Leave out each picture. Repeat everything else in the records exactly.
_ _ _ _
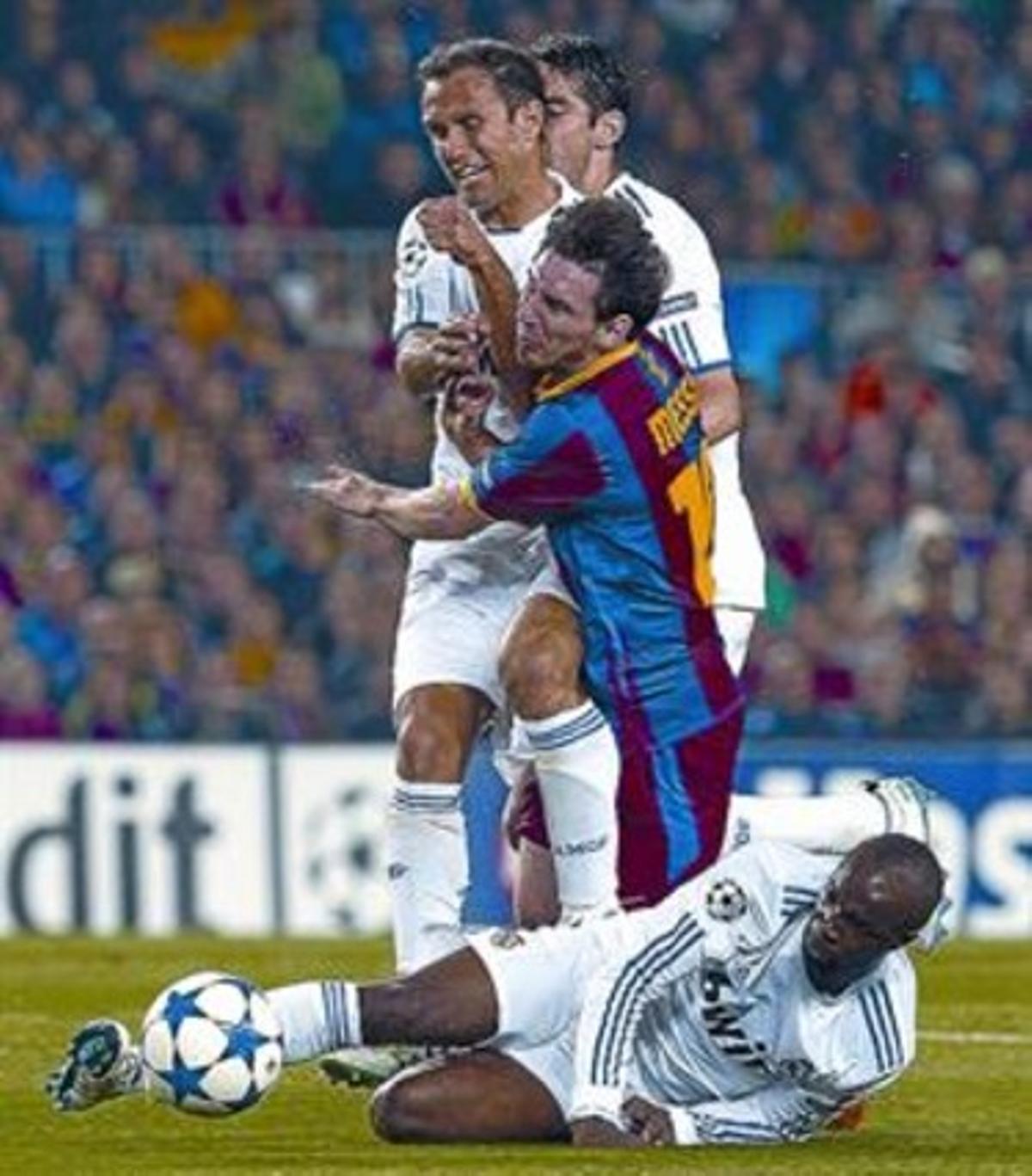 Messi disputa un balón con Lass Diarra (en el suelo) y Carvalho.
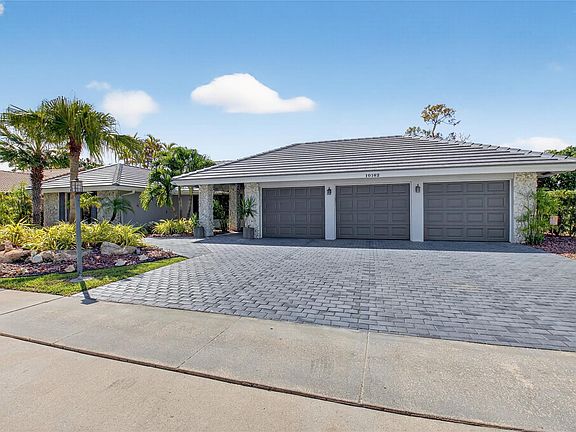 3rd image of 10182 Boca Woods Lane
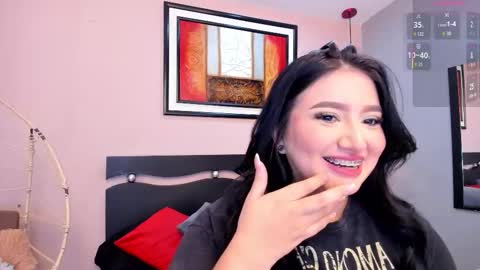 Snapshot of _nina_sweet chatting on October 19, 2025, 12:06 pm online show from October 19, 2025, 12:06 pm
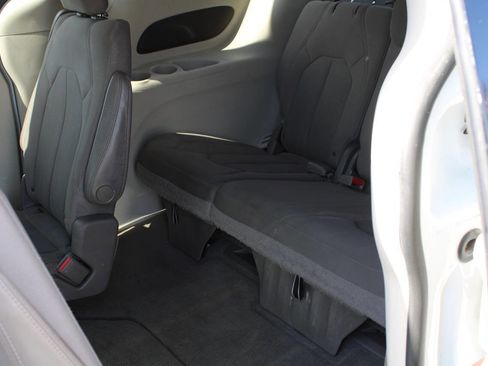 Used 2017 Chrysler Pacifica Touring Plus w/ Tire & Wheel Group image 47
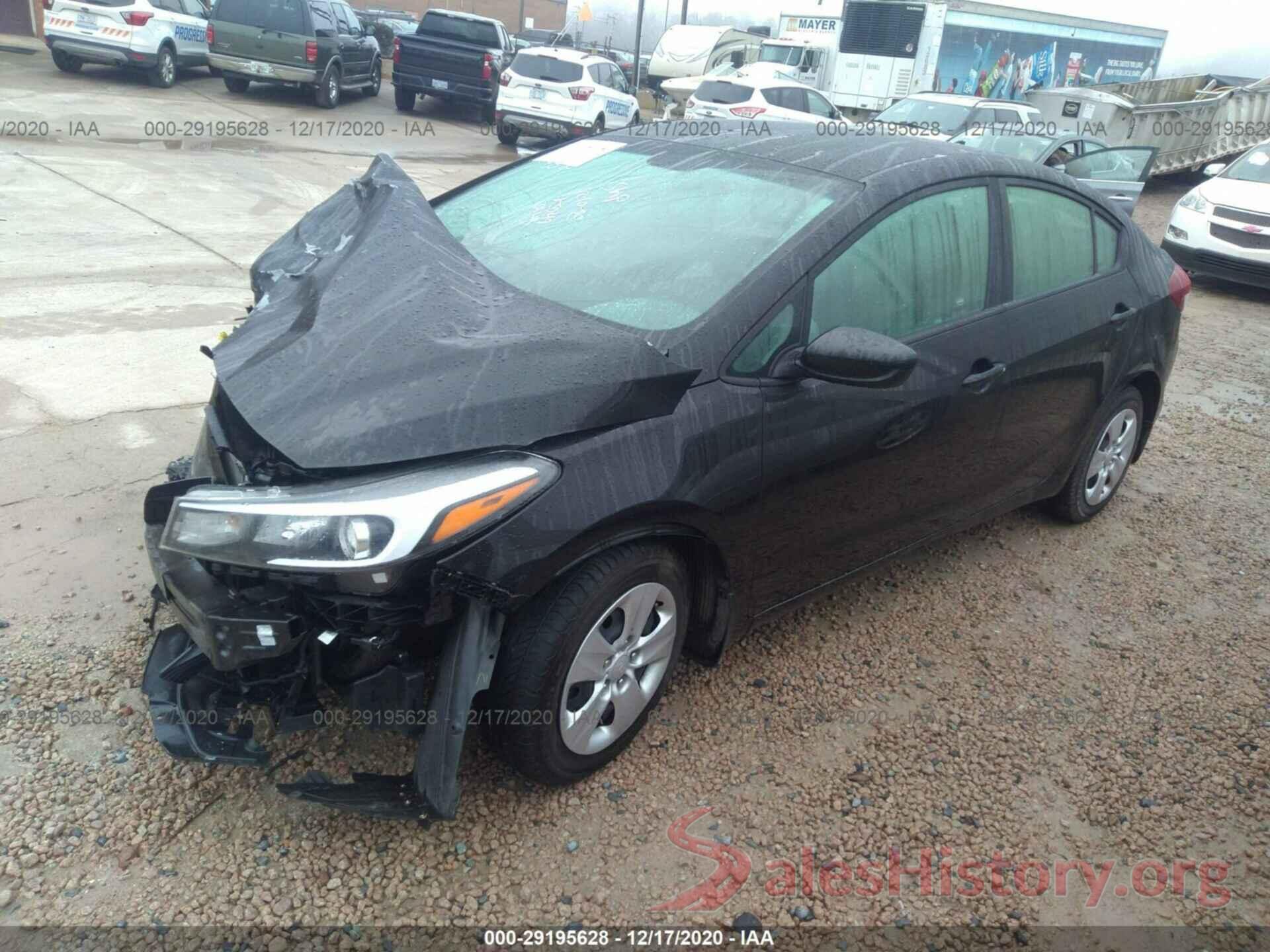 3KPFK4A72JE195549 2018 KIA FORTE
_ _ _ _
WRITTEN REPLY —
 Messi disputa un balón con Lass Diarra (en el suelo) y Carvalho.
 3rd image of 10182 Boca Woods Lane
 Snapshot of _nina_sweet chatting on October 19, 2025, 12:06 pm online show from October 19, 2025, 12:06 pm
 Used 2017 Chrysler Pacifica Touring Plus w/ Tire & Wheel Group image 47
 3KPFK4A72JE195549 2018 KIA FORTE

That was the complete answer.